WHAT IS EXPECTED :: Here are the records. Write out exactly the lines between the one holding "Aurora City Council" and the one holding "New 2026 Ford", inclusive.

WORKING DATA ::
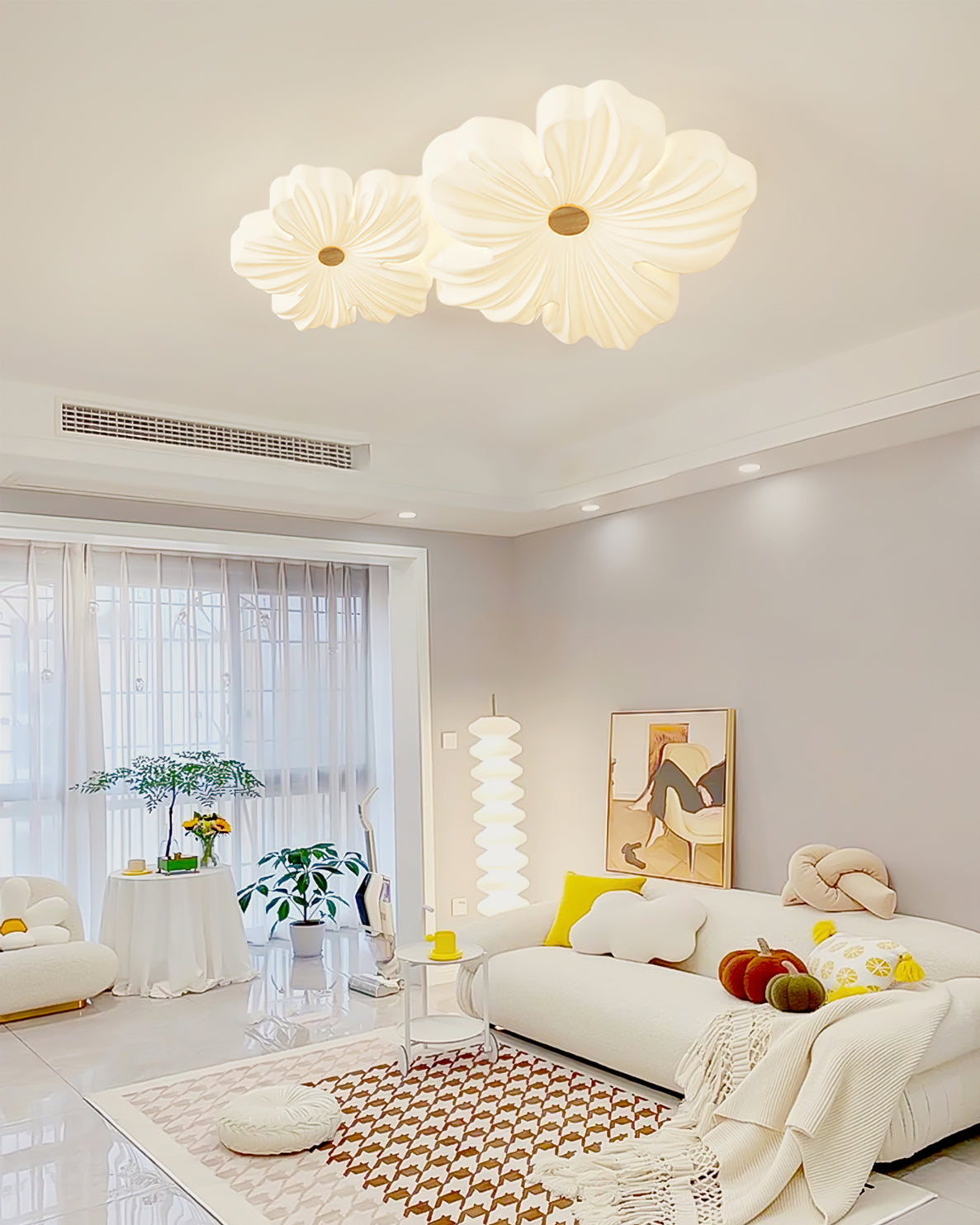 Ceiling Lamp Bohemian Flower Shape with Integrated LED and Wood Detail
* * *
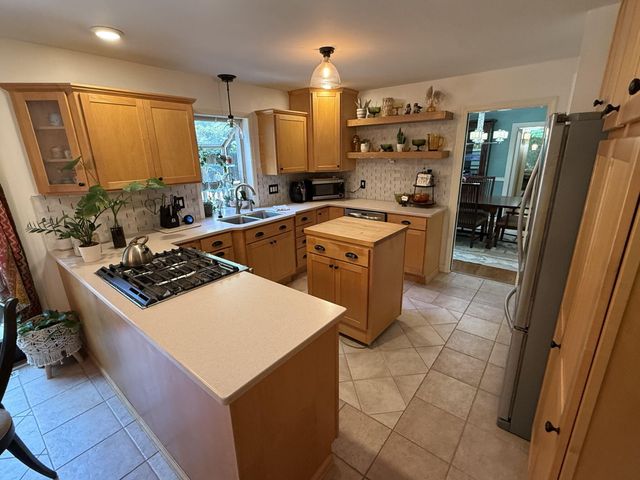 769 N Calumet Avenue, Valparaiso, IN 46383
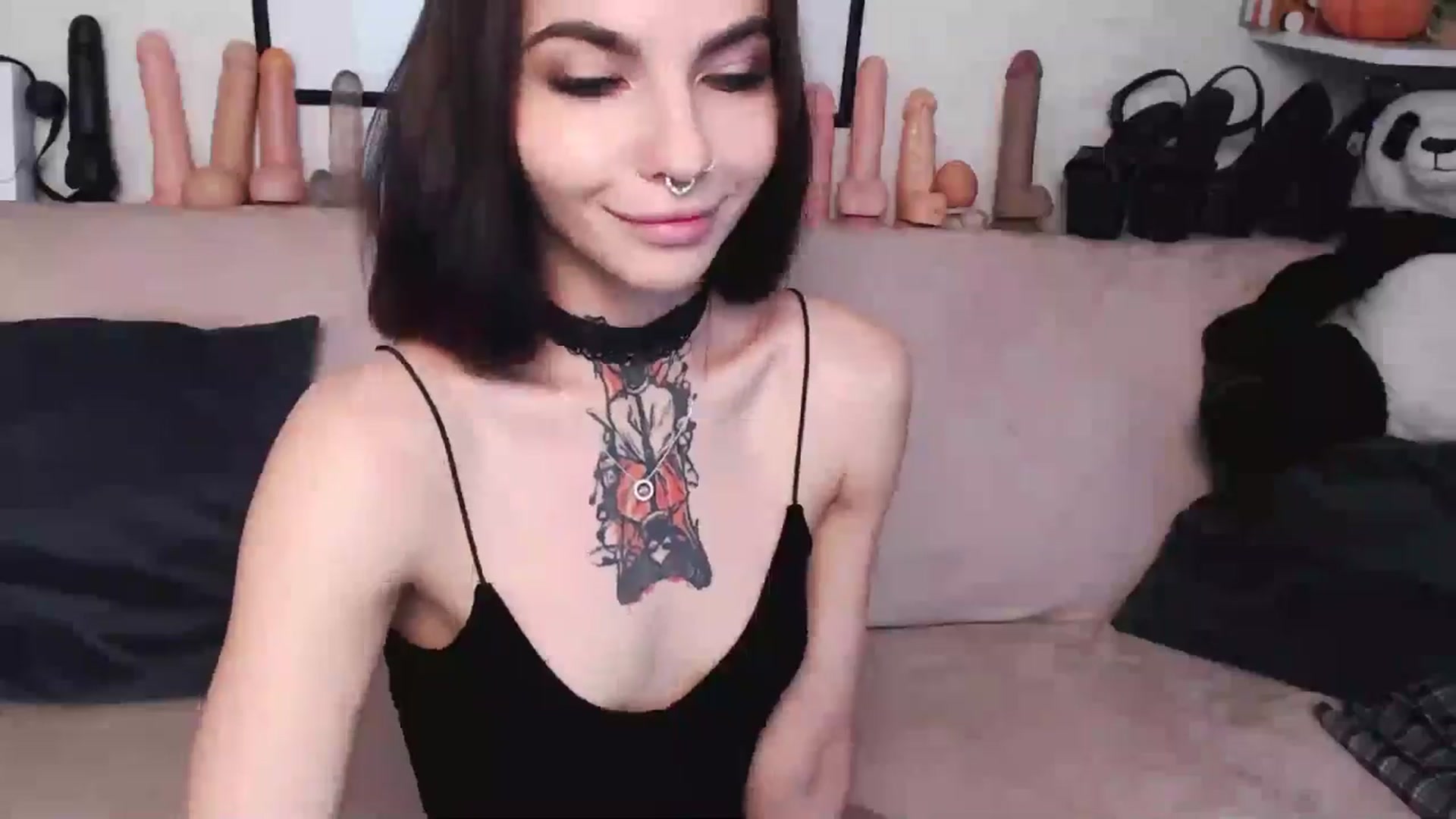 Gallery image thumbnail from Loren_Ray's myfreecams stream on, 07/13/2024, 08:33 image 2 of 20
--
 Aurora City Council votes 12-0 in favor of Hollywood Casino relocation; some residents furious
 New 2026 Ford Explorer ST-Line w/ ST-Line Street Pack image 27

TASK RESPONSE ::
 Aurora City Council votes 12-0 in favor of Hollywood Casino relocation; some residents furious
 New 2026 Ford Explorer ST-Line w/ ST-Line Street Pack image 27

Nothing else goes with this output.